Brief descriptive captions
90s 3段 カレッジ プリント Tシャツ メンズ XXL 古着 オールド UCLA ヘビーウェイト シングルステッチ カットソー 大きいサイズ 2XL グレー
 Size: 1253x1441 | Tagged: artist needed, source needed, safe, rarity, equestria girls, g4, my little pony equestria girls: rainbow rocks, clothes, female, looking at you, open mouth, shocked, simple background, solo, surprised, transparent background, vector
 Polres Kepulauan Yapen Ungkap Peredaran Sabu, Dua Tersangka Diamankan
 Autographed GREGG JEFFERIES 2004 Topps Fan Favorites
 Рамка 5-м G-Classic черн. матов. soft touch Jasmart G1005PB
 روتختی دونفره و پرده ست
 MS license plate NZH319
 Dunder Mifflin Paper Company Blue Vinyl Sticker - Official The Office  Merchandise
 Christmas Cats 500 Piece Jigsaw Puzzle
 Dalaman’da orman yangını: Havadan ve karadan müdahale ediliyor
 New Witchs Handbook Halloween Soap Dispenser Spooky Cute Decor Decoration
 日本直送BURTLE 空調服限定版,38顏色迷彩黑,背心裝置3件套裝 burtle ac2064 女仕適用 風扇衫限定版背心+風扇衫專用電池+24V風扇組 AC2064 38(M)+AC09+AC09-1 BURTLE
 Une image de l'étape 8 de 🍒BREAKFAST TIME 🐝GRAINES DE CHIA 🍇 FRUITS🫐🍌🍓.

• [YOUR ASSIGNMENT] Every line from the one containing "Dunder Mifflin Paper" to the close of the records must be reproduced exactly. Include both ends and nothing more.

• [OUTPUT OF THE TASK]
 Dunder Mifflin Paper Company Blue Vinyl Sticker - Official The Office  Merchandise
 Christmas Cats 500 Piece Jigsaw Puzzle
 Dalaman’da orman yangını: Havadan ve karadan müdahale ediliyor
 New Witchs Handbook Halloween Soap Dispenser Spooky Cute Decor Decoration
 日本直送BURTLE 空調服限定版,38顏色迷彩黑,背心裝置3件套裝 burtle ac2064 女仕適用 風扇衫限定版背心+風扇衫專用電池+24V風扇組 AC2064 38(M)+AC09+AC09-1 BURTLE
 Une image de l'étape 8 de 🍒BREAKFAST TIME 🐝GRAINES DE CHIA 🍇 FRUITS🫐🍌🍓.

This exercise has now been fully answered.